Using Euclid's division lemma, show that the square of any positive integer is either of the
form 3m or (3m + 1) for some integer m.
Answers
AnSwEr :
- Let a be the any positive integer which is divided by 3. then we get quotient as q and remainder as r.
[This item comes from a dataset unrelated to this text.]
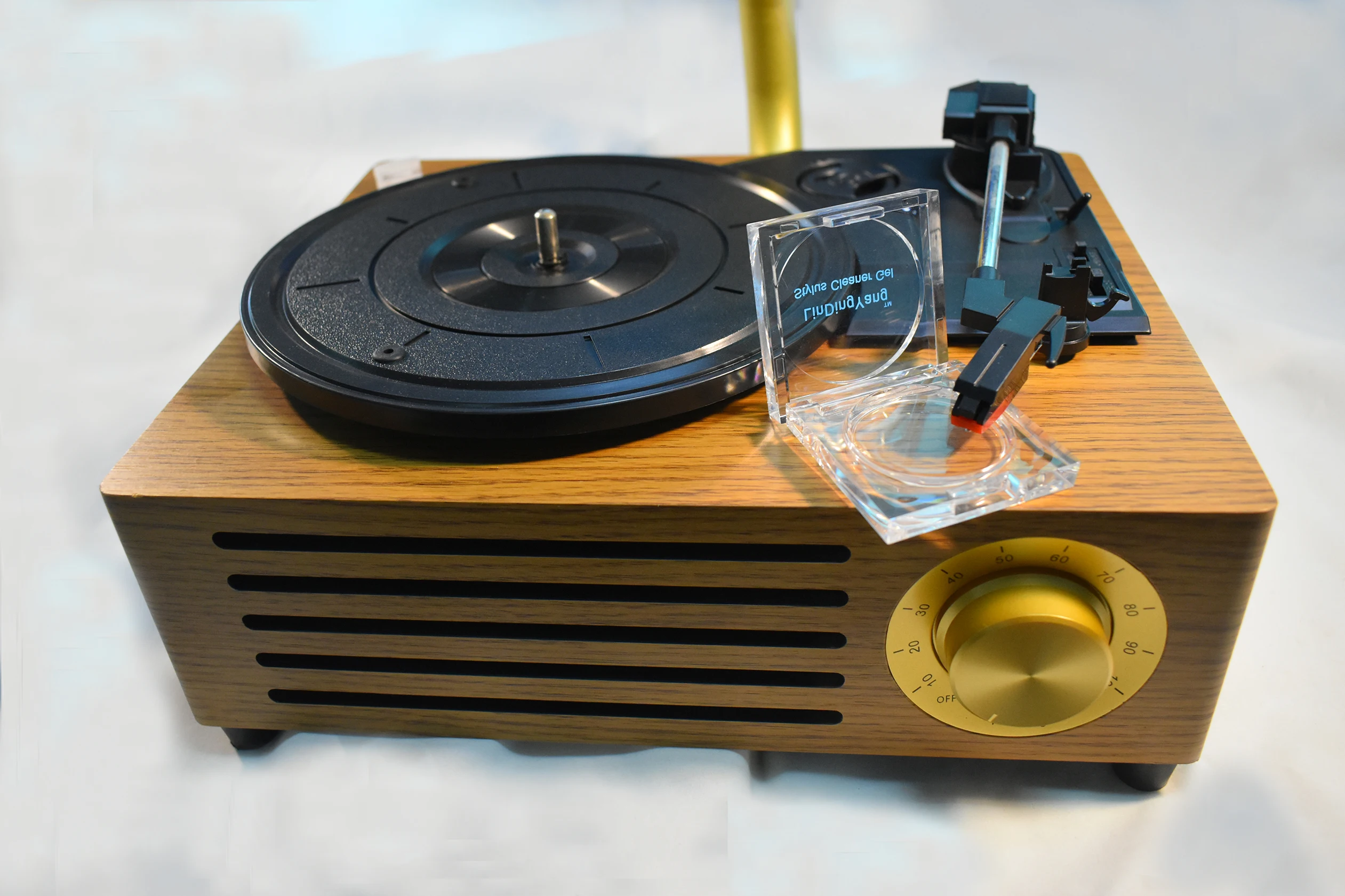 Stylus ทำความสะอาดเจล Turntable ทำความสะอาด Gramophone สไตลัสทำความสะอาดไวนิลสไตลัสทำความสะอาดไวนิลเจลตลับหมึก Stylus ทำความสะอาด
★ Then by Euclid's Division lemma we get :
→ a = 3q + r, 0 ≤ r < 3
⛬ r = 0, 1, 2
★ Now, putting the value of r we get :
- When r = 0
⇒a = 3q
★ Similarly, by taking r = 1 :
⇒a = 3q + 1
★ Also, for r = 2 :
⇒a = 3q + 2
⛬ Required form number = 3q, 3q + 1 and 3q + 2.
Now,
- a = 3q
★ Squaring both the sides we get :
⇒a² = (3q)²
⇒a² = 9q²
⇒a² = 3(3q²)
⇒a² = 3m [∵ 3q² = m]
When,
- a = 3q + 1
★ Squaring both the sides we get :
⇒a² = (3q + 1)²
⇒a² = (3q)² + 1 + 6q
⇒a² = 9q² + 1 + 6q
⇒a² = 3(3q² + 2q) + 1
⇒a² = 3m + 1 [∵ 3q² + 2q = m]
- Hence, square of any positive integer is of the form 3m and 3m + 1.
Solution:-
•Using Euclid's division lemma we can prove that the square of any positive integer is either in the form of
•Euclid's Division lemma: If two positive integer "a" and "b", and there exists unique integers "q" and "r" such that which satisfies the condition a = bq + r where 0 < r < b
•Let a be the positive integer
➊ Case:
★ a = bq + r ★
•Let b = 3 , r = 0
★ a = 3q + r ★
•Squaring on both sides,
➞ (a)² = (3q)² + 0
➞ (a)² = 9q²
➞ (a)² = 3(3q)²
•Let m stand's for 3q²
➥ a² = 3m ----------》(1)
➋ Case:
★ a = bq + r ★
•Let b = 3 , r = 1
★ a = 3q + 1 ★
•Squaring on both sides,
➞ (a)² = (3q)² +(1)²
➞ (a)² = (3q + 1)²
➞ (a)² = (3q)² + (1)² +2(3q)(1)
➞ (a)² = 9q² + 1 + 6q
➞ (a)² = 3(3q² + 2q) + 1
•Let m stand's for 3q² + 2q
➥ a² = 3m + 1 ----------》(2)
➌ Case:
★ a = bq + r ★
Let b = 3 , r = 2
★ a = 3q + 2 ★
•Squaring on both sides,
➞ (a)² = (3q)² + (2)²
➞ (a)² = (3q + 2)²
➞ (a)² = (3q)² + (2)² + 2(3q)(2)
➞ (a)² = 9q² + 4 + 12q
➞ (a)² = 9q² + 3 + 1 + 12q
➞ (a)² = 3(3q² + 4q + 1) + 1
•Let m stand's for 3q² + 4q + 1
➥ a² = 3m + 1 ----------》(3)
★Therefore , the square of any positive integer is either of the form 3m or 3m+1.